- PROVIDED MATERIAL:

____

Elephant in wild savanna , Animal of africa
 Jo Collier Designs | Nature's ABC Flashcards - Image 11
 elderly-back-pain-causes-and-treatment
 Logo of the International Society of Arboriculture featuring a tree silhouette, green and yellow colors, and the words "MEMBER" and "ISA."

____

- ASSIGNMENT:
Copy out the lines above, from the one holding "Jo Collier Designs" through the final line, with no other lines.

- ANSWER BOX:
 Jo Collier Designs | Nature's ABC Flashcards - Image 11
 elderly-back-pain-causes-and-treatment
 Logo of the International Society of Arboriculture featuring a tree silhouette, green and yellow colors, and the words "MEMBER" and "ISA."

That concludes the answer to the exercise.